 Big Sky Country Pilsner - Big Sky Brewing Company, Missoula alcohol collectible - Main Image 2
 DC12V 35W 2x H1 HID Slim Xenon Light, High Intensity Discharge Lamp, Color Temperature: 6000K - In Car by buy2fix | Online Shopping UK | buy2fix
· · · · · · ·
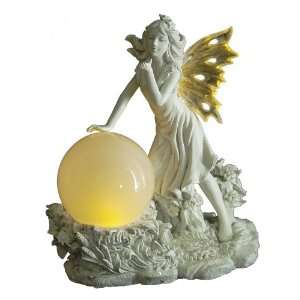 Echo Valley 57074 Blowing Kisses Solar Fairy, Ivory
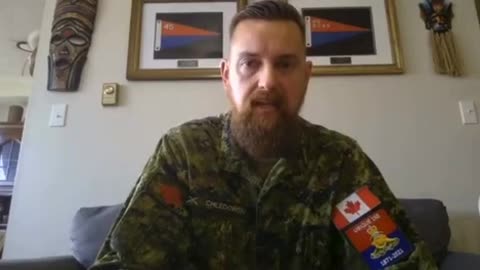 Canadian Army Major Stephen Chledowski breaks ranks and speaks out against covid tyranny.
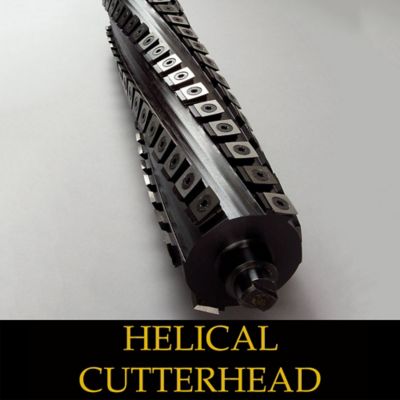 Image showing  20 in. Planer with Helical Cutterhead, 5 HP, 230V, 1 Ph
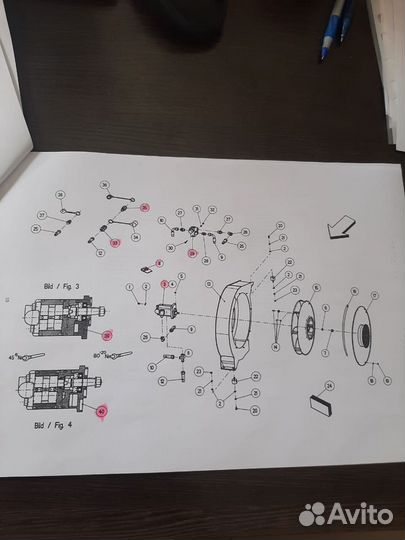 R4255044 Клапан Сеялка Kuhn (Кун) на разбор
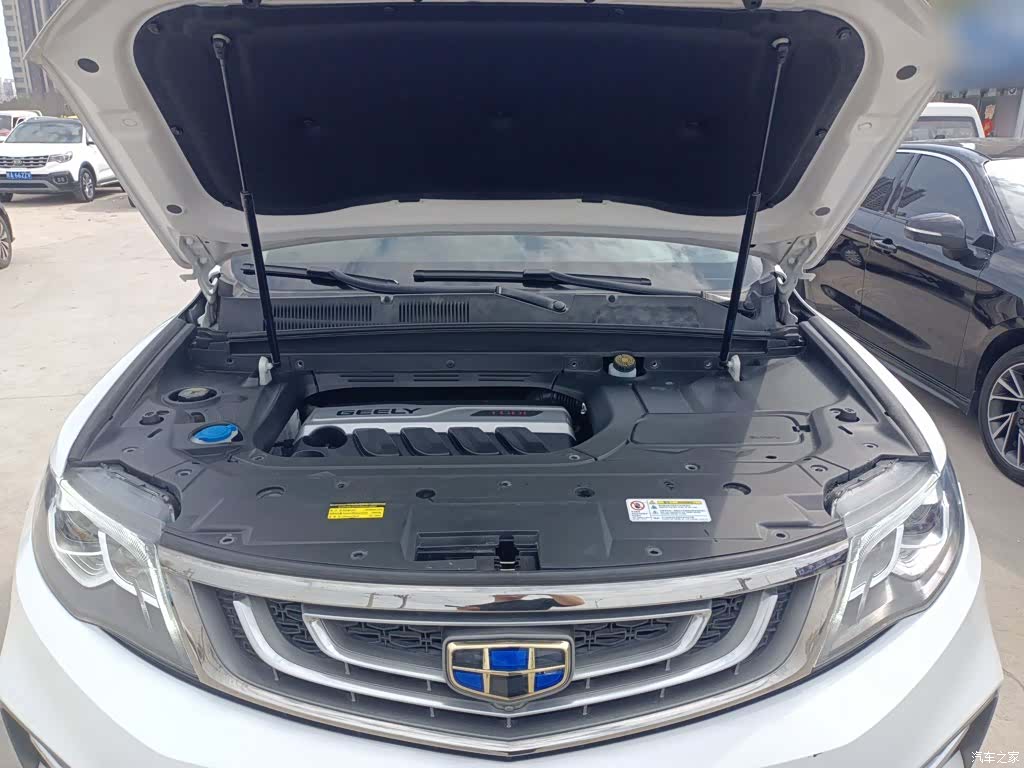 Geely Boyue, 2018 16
· · · · · · ·
* Your assignment: Within the material above, the line with "Big Sky Country" opens the range and the line with "DC12V 35W 2x" closes it; reproduce that range word for word.

* Result for this task:
 Big Sky Country Pilsner - Big Sky Brewing Company, Missoula alcohol collectible - Main Image 2
 DC12V 35W 2x H1 HID Slim Xenon Light, High Intensity Discharge Lamp, Color Temperature: 6000K - In Car by buy2fix | Online Shopping UK | buy2fix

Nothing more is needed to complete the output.